Install and start the IoT MQTT Panel app on the phone (or any other MQTT app on the laptop like MQTT Explorer) and configure to receive the JSON message. In the instructions of that app (link: instructions ) it explains the parsing of the JSON Data using simple JsonPath (more info in JSON Path).

See the MQTT_example programme, which publishes values to an MQTT broker.

3. Store data permanently on Pi Pico

After calibration the max and min values need to be stored so that they can be used again when the Pi Pico is powered of and on again. Also the Pico will keep measurements so that analysis can be done on the day (ie how much water does the plant use and how much did it get over a period. Also the temperatures can be kept and determine whether the plant is always in a warm or cold area. In this code example (called StoreData) the calibration is taken and then stored on the Pico. The code will first look whether there was already a calibration done, and then use that, and if there wasn't a calibration done, it will calibrate and store the min and max values.

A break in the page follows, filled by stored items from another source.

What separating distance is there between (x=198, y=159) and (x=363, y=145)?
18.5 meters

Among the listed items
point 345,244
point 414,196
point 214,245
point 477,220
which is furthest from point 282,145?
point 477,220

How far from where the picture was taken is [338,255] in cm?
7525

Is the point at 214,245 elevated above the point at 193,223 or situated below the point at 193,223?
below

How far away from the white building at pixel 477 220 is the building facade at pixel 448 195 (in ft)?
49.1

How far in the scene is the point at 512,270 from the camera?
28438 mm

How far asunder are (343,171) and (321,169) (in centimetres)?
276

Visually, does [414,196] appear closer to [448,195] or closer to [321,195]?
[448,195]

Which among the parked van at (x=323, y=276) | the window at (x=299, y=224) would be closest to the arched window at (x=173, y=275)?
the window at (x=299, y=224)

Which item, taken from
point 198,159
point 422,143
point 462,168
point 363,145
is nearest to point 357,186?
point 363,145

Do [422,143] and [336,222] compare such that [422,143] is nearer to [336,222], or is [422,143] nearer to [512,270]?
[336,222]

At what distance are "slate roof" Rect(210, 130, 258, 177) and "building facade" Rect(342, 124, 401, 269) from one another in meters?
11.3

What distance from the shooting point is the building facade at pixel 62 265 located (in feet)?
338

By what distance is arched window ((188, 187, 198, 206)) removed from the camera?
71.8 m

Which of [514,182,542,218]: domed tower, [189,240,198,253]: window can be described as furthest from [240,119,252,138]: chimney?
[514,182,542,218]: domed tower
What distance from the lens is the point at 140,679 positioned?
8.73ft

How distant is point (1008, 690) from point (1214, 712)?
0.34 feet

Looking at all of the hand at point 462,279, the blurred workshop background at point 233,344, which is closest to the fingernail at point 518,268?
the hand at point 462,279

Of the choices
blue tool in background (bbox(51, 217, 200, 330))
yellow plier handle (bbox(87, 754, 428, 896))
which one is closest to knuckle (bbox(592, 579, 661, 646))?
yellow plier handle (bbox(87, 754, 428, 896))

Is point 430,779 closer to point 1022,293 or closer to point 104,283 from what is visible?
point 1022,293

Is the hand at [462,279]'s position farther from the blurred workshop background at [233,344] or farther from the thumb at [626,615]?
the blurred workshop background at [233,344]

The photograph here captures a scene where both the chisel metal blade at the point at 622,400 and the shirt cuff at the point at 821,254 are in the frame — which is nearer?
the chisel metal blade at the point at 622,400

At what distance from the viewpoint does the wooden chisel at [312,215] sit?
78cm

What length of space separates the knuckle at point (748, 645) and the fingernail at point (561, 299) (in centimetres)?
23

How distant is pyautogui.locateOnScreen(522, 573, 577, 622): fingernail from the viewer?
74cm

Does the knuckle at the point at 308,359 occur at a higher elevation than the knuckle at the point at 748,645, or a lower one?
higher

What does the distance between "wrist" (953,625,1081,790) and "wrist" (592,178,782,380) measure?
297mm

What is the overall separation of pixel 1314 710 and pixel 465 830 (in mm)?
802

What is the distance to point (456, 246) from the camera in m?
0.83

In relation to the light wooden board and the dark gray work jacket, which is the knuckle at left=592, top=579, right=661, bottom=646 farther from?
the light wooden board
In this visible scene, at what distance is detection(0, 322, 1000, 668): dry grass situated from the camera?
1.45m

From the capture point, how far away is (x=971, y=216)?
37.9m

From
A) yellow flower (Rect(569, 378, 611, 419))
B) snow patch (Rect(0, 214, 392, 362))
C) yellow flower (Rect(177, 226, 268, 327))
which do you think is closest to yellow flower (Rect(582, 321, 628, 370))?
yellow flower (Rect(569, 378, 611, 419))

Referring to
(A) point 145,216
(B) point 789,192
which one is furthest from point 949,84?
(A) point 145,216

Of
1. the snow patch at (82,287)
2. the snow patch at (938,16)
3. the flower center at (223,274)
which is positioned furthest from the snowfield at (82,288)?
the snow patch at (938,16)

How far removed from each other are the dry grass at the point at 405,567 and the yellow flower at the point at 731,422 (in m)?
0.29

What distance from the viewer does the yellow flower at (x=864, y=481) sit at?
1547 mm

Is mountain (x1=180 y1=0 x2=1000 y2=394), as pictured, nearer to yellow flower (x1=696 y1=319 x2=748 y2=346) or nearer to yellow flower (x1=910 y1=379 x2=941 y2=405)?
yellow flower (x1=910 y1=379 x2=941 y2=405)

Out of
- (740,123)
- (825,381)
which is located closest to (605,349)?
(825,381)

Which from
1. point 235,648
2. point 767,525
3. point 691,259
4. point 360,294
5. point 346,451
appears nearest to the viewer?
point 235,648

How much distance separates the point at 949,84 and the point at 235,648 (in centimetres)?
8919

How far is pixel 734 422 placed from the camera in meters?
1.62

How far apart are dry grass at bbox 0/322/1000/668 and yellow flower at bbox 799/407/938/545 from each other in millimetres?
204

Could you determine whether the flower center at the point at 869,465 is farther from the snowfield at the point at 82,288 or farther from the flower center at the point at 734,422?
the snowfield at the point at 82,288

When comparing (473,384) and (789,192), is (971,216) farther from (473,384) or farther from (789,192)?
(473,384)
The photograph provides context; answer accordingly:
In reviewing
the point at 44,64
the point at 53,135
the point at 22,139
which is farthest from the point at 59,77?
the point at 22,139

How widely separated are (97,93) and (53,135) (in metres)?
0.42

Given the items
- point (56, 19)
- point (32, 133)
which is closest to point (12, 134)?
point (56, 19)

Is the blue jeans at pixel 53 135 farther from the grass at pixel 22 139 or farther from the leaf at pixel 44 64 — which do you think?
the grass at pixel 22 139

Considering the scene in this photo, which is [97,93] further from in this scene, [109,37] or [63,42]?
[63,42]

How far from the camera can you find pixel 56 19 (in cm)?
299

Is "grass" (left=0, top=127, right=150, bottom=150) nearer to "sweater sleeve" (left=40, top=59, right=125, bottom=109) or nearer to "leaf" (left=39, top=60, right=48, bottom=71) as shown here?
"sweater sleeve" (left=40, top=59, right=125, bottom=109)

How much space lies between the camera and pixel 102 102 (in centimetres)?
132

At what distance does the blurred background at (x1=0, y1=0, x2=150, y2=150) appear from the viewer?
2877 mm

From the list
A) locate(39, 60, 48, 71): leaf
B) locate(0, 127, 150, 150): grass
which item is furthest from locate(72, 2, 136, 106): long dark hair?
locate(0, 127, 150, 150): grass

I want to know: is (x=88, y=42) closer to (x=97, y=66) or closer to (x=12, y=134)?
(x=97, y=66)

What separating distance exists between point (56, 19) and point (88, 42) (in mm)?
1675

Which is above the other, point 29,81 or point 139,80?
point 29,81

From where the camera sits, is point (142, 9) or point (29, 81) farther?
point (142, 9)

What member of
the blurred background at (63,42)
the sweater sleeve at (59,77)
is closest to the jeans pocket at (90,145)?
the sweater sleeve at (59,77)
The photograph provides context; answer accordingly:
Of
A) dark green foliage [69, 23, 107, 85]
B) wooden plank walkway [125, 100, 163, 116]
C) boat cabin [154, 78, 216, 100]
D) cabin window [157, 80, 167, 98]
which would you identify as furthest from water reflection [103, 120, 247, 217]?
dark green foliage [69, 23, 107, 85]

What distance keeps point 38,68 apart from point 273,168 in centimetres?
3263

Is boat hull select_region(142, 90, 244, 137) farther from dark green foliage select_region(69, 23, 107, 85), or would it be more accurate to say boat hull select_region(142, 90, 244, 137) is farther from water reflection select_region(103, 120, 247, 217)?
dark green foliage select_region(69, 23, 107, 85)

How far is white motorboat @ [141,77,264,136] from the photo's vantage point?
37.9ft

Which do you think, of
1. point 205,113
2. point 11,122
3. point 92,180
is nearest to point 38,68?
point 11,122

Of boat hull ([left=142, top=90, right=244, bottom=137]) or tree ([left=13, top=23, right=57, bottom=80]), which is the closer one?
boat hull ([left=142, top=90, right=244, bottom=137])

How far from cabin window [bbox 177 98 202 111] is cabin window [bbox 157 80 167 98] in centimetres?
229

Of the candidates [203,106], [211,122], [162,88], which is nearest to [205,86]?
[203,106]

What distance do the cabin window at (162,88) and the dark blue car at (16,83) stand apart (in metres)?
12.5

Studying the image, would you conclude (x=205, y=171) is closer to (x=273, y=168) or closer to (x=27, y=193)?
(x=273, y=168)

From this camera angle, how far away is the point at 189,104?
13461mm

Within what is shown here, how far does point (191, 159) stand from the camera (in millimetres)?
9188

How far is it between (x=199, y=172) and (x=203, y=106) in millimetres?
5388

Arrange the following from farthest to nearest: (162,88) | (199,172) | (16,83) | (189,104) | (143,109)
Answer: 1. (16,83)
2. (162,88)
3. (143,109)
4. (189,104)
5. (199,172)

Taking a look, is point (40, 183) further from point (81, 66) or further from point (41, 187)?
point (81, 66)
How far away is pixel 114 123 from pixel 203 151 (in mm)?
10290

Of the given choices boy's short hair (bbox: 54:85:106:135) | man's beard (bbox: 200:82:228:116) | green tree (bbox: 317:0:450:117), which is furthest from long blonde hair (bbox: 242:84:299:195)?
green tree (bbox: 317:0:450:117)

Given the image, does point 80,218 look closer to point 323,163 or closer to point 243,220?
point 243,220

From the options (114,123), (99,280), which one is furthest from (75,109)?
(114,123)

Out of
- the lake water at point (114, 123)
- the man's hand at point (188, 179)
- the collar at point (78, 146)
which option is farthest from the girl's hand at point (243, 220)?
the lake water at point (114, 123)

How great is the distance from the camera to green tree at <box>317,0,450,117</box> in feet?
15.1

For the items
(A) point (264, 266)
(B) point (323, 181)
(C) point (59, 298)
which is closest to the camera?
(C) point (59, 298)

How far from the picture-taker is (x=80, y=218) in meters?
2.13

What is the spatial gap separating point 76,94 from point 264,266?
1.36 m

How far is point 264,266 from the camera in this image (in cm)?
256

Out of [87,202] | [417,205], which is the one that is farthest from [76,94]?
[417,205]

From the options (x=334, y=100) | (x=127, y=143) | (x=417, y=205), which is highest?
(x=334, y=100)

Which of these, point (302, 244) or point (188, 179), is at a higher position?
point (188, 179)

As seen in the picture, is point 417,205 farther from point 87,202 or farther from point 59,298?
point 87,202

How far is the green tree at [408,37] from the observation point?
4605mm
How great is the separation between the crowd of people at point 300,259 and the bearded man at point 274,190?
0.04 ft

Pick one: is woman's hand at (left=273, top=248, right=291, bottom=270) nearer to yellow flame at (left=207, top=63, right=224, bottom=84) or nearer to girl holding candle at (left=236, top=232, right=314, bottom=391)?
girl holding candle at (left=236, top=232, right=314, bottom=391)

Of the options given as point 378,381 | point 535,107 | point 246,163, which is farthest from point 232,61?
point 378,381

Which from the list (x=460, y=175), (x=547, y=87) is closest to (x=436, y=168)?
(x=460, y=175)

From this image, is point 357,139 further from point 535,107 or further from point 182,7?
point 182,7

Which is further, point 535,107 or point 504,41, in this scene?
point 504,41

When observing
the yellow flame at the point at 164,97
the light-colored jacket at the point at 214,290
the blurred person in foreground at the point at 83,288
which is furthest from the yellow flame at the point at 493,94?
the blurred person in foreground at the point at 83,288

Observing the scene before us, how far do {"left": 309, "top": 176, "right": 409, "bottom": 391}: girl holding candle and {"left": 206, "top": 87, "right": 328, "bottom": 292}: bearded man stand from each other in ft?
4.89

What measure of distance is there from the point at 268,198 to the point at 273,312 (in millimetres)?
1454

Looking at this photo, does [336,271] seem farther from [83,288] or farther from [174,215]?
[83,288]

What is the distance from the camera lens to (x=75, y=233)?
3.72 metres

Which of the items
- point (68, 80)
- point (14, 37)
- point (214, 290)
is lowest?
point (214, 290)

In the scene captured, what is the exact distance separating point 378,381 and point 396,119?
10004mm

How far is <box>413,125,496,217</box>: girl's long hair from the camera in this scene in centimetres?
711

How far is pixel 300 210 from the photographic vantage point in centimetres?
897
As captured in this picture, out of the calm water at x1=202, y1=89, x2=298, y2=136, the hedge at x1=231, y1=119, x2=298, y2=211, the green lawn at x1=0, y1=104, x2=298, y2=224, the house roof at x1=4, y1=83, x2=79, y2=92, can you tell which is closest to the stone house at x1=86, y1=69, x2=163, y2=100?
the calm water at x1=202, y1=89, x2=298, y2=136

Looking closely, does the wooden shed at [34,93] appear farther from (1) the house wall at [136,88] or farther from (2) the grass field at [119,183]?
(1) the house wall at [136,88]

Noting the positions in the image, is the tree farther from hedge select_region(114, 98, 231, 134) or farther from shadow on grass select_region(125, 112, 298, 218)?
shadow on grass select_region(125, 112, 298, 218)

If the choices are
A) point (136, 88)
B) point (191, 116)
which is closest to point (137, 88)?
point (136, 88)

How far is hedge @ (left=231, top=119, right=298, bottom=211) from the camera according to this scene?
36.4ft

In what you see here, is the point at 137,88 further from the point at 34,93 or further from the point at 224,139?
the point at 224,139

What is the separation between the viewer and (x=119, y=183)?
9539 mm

See the StoreData_example programme, which writes two values (JSON format) to a file on the PI Pico.

4. Battery level measurement

In case the Pi Pico is powered from battery, the device needs to figure out whether the battery level is low such that it can still send out a message to warn that it needs battery replacement. In this code example it will first figure out whether the Pi Pico is powered by battery (VSYS or VBUS). Then if it is powered by battery (=VSYS), then determine whether the battery is low or not. Typically a low battery threshold is 2.8V). In the references section you'll find websites used as references to build this code example. In the PI Pico datasheet (see reference section) it mentions battery operation and recommended operating conditions (VSYS Min 1.8V, VSYS Max 5.5V and VBUS 5V ± 10%). As the VSYS can not be easily read in a PI Pico W (see explanation in trouble shooting and example code), the current code example only detects whether the device is powered by battery or not. Battery level is for a future improvement.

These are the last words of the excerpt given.